Interesting video, however some of them were already at the far end of the runway before they even touched the ground. If it was really life-and-death I think the controller would have them push the throttle forward, circle around, and try again.
I did have a parachute on in the glider I flew. The pilot told me only once in all of the UK had a first time student been forced to jump and survived. So a parachute might not be terribly helpful. Though I’m guessing it’s probably easier to jump out of a plane in level flight than a glider missing a wing, or whatever condition was forcing you to jump from it.
A Cessna is a good choice because they’re like a bad rash - they’re everywhere and it’s unlikely they’ll go away any time soon.
(Actually, I like Cessnas and have more logged time in them than anything else. But really, they’re everywhere.)
Anyhow - as noted upthread, that scenario has, in fact, happened. People have landed in that situation and walked away. Also, been carry out by paramedics/EMT’s, and sometimes unfortunately did not survive the experience. I haven’t broken down the stats on success/failure on it, but certainly if a passenger finds themself in such a situation it is worth having a go at trying to save themself.
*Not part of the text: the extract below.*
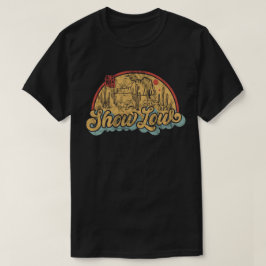 Camiseta Show Low, Arizona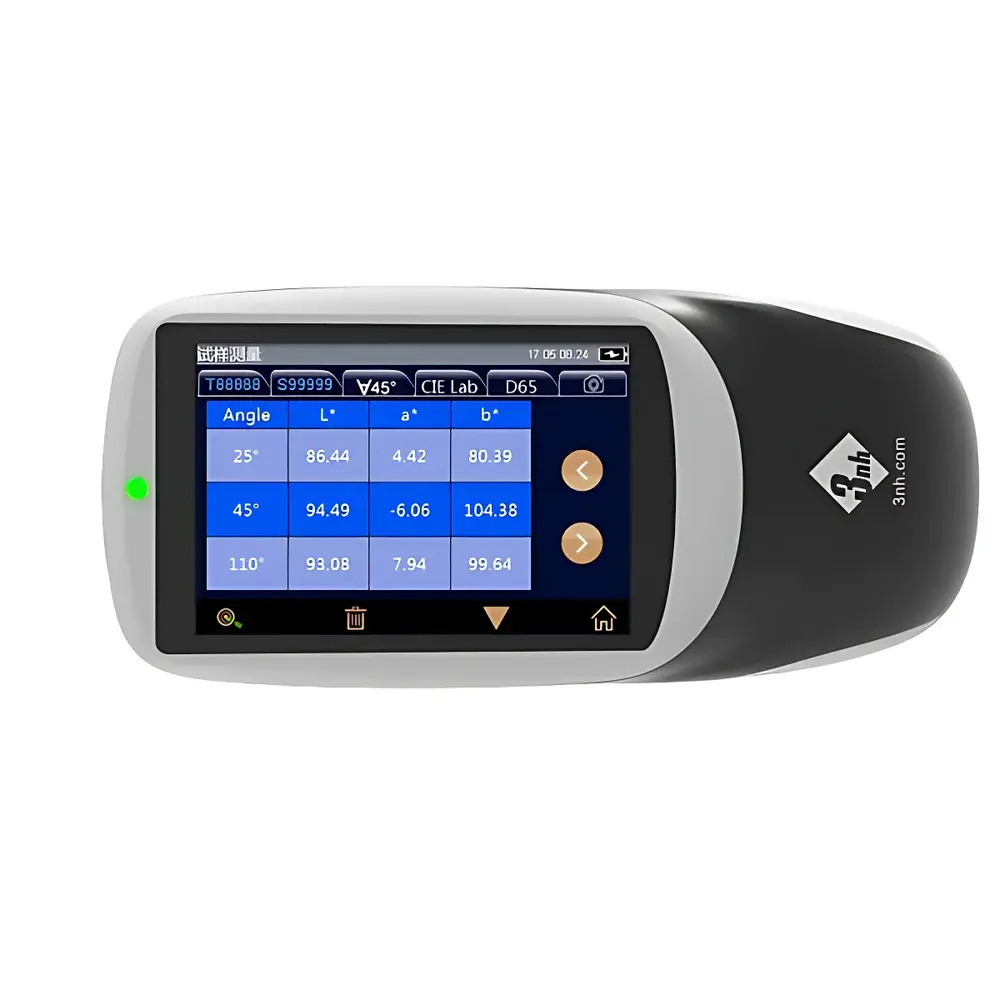 3nh MS3003 Multi-Angle Spectrophotometric Colorimeter for Automotive Paint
In the 2 and 4 seat Cessnas (and other things) I fly there’s no need for seat climbing (and it probably wouldn’t be possible anyhow, due to lack of space to maneuver in the cockpit). There are dual controls. If you’re my passenger I’ll make sure you’re strapped in properly and caution you NOT to touch the controls, and put a headset on your head so we can talk without shouting at each other. So you’re already in position to take over. Although I think we’re both hoping that wouldn’t actually be required in real life.
Eh… it’s possible. It’s been done. If you can get help over the radio the odds of success go up significantly. ANY experience will help - RC flyers will have some understanding of how to fly it, people who are frequent passengers may have picked up some theory if not actual experience, etc.
I think Desert Nomad covered it pretty well. In general, the larger the airplane/more complex the smaller the odds of success.
A LOT. Even one lesson at some point in the past would be helpful.
Again, Desert Nomad covered that. The real trick is whether or not it’s already tuned to a frequency that had a person who could help you available for a conversation.
If anyone’s curious - the emergency frequency for pilots is 121.5 (I think 243.0 is the military frequency but it’s been awhile since I reviewed the info.) But yelling “HELP!” on any frequency should get you attention.
The problem being that once you pull the Big Red Handle (yes, it is a big handle that’s red) you’re strictly a passenger. Steering will not be possible. Also, the user manuals for whole-plane parachutes pretty much warn you that your airframe will be totaled in such a situation. Do not expect the airplane to be usable again. The intent is to save YOU, not the machine. Also, according to folks I’ve spoken to who have used one, while the landing is survivable there is no guarantee it will be gentle and in fact it probably won’t be gentle. In other words, don’t do this for fun, save it for genuine emergencies.